Trouver l’équilibre entre créativité et gestion quand on est autrice indépendante
- emievarentz

- il y a 3 jours
- 3 min de lecture
On rêve toutes — ou presque — d’une vie d’autrice faite de cafés imaginaires, de carnets qui débordent d’idées, de scènes qui s’écrivent toutes seules sous une lumière dorée.
Et puis il y a… le reste :
La gestion.
L’organisation.
Les mails.
Les fichiers à envoyer.
Les dates à respecter.
La vérité, c’est que l’auto-édition, ce n’est pas seulement écrire. C’est aussi tenir la barre de son propre bateau. Et trouver l’équilibre entre les deux, c’est toute une aventure.
Trouver l’équilibre entre créativité et gestion quand on est autrice indépendante

La créativité : le cœur battant
La créativité, c’est la partie vibrante du métier. Celle qui te fait te lever un peu trop vite le matin parce qu’une idée vient de tomber. Celle qui t’accompagne dans le bus, au travail, en faisant la vaisselle.
Écrire, imaginer, construire un univers…C’est la raison pour laquelle tu as choisi ce chemin.
Mais la créativité a besoin d’espace. Elle a besoin de temps, de respiration, de zones sans pression.
👉 Si la gestion prend toute la place, la créativité étouffe.

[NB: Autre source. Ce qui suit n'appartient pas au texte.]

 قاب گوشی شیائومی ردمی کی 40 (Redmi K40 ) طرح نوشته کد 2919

La gestion : la colonne vertébrale
Être autrice indépendante, c’est aussi être :
– sa propre éditrice
– sa propre communicante
– sa propre planificatrice
C’est savoir :
– poser des deadlines
– faire un rétroplanning
– gérer les corrections
– anticiper la publication
– organiser les précommandes ou la com’
Ce n’est pas la partie la plus « glamour »…Mais sans elle, un livre peut rester coincé à l’état de brouillon.
👉 La gestion n’est pas un obstacle : c’est un cadre qui soutient la création.

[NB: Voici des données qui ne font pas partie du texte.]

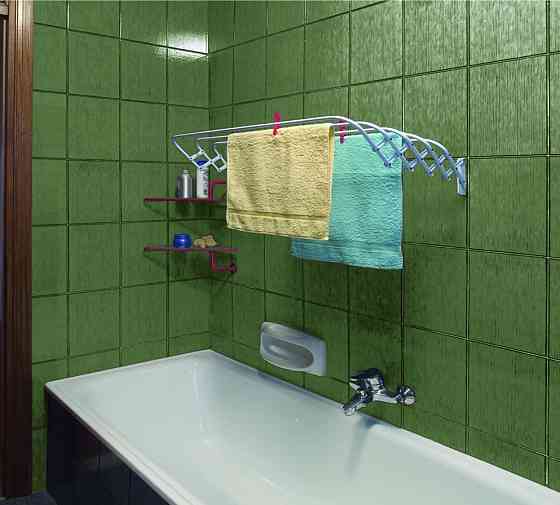 Сушарка для білизни настінна Gimi Brio Super 120 (156051) Київ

Le secret : organiser pour créer, pas contre
Le piège, quand on débute, c’est de voir l’organisation comme un truc rigide. Comme une liste de contraintes.
Mais quand tu construis ton planning autour de ta créativité, tout change.
Comment je fais ?
Je pars toujours du plus important :
👉 les créneaux d’écriture.
Ce sont mes rendez-vous sacrés. Le soir, après le travail. Le week-end, quand je peux me poser plus longtemps.

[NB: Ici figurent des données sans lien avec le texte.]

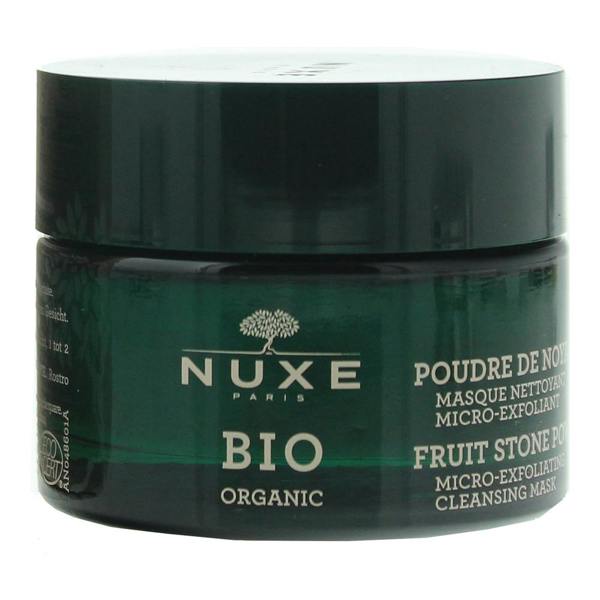 Nuxe Bio Organic Fruit Stone Powder Micro-Exfoliating Cleansing Mask 50ml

Une fois ces moments protégés, j’ajoute autour :
– les tâches de gestion
– les mails
– les phases de correction
– la communication
– la préparation des sorties
Tout se cale après.

La technique des objectifs du plus petit au plus grand
Pour ne pas tomber dans la surcharge, je découpe toujours :
– le roman en chapitres
– les chapitres en scènes
– les scènes en sessions d’écriture
Et côté gestion :
– la publication en grandes étapes
– les étapes en micro-tâches
– chaque micro-tâche dans une semaine précise
Cela m’évite le fameux :
« Je dois écrire un roman »
… qui, soyons honnêtes, fait surtout fuir vers la procrastination.
Le rétroplanning : l’allié anti-stress
Je pars de la date clé : publication, envoi au correcteur, sortie. Puis je remonte.
Et très important :
👉 J’inclus systématiquement une marge d’erreur.
Parce que je travaille à côté. Parce que la vie arrive. Parce que les imprévus font partie du métier.
Cette marge me permet de respirer. Et d’éviter la panique inutile.
Les imprévus : apprendre à composer
Quand un imprévu tombe — fatigue, changement dans mon boulot, problème perso — je ne me blâme plus.
Je cherche une solution.
– déplacer une session
– alléger un objectif
– reporter un chapitre
– réorganiser la semaine
Et si vraiment je n’y arrive pas ?
👉 j’accepte.
Un délai qu’on bouge n’est pas une catastrophe.Un rendez-vous d’écriture raté ne remet pas en cause ma légitimité.
Ce qui compte, c’est de continuer.Même doucement.
L’importance du repos et du recul
Pour être créative, il faut avoir un cerveau… en état de fonctionner.
Alors oui, je prévois aussi :
– du repos
– du temps pour moi
– des pauses
– un cahier de gratitude pour célébrer chaque petite avancée
Ce n’est pas du luxe. C’est de l’entretien.
L’équilibre parfait n’existe pas (et ce n’est pas grave)
Certaines semaines, je suis très créative et la gestion avance peu. D’autres, j’ai surtout envie d’organiser et d’anticiper.
L’équilibre, ce n’est pas un état figé.
C’est un rythme.
Un mouvement.
Un ajustement permanent.
Et c’est OK.

En conclusion
Être autrice indépendante, ce n’est pas choisir entre écrire et gérer. C’est apprendre à faire danser les deux ensemble.
Avec douceur. Avec souplesse. Avec intention.
Et surtout — toujours —
👉 en laissant la création rester le cœur de tout.